US 20030090431 A1
The invention relates to an improved antenna that is characterized in that the supply (33, 35) of the antenna with respect to the two orthogonal parallel dipoles (113, 115) of a dipole square (3, 5) is provided in such a manner that a supply cable (27) is connected to a feeder point (33) on a dipole (13″, 15″) and that starting from said feeder point (33) a connection cable (37) to the feeder point (35) on the respective orthogonal parallel dipole (13′, 15′) of the dipole square (3, 5) is laid and is electrically connected there to the dipole halves (13′, 15′) of the dipole square (3, 5).

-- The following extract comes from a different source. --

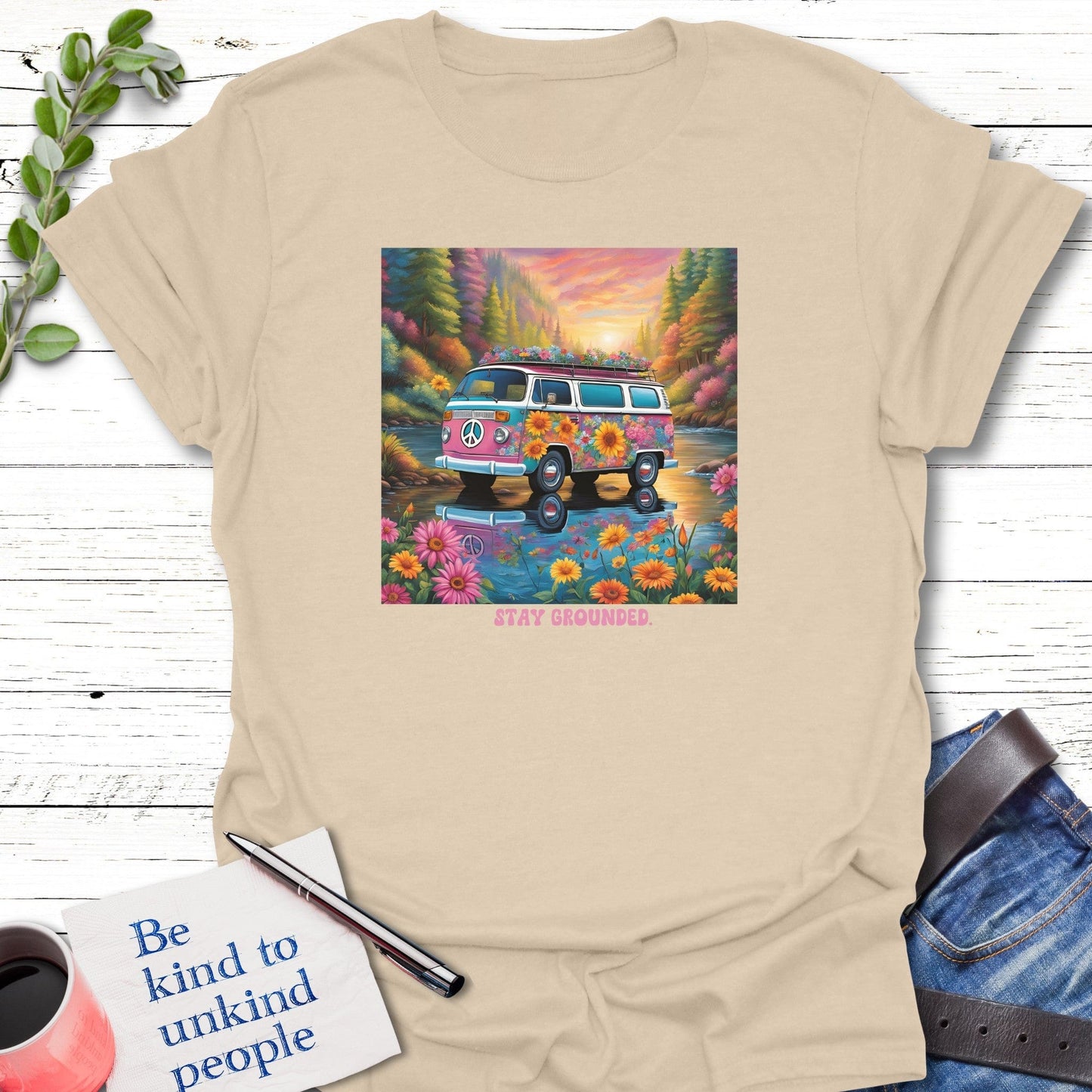 T-Shirt Sand / S Grounded Journey T-Shirt Echo Kindness Printify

1. A dual-polarized dipole antenna in the form of one or a number of dipole squares (3, 5), the dipole square or squares (3, 5) being oriented rotated at a 45° angle with respect to the vertical or horizontal, characterized in that a feed arrangement (33, 35) with respect to two first dipoles (113) located offset with respect to one another in parallel and with respect to further dipoles (115) arranged rotated by 90° with respect to the first parallel dipoles (113) and also located offset to one another in parallel, of the dipole square (3, 5) is effected in such a manner that a feed cable (27) is conducted to a feed point (33) at a first dipole (13″) and a further feed cable (27) is conducted to a second dipole (15″), and in that, coming from these feed points (33), one connecting cable (37) each is run to the respective feed point (35) at the respective opposite parallel dipole (13′, 15′) of the dipole square (3, 5) and is there electrically connected to the respective remaining dipole halves (13′, 15′) of the dipole square (3, 5).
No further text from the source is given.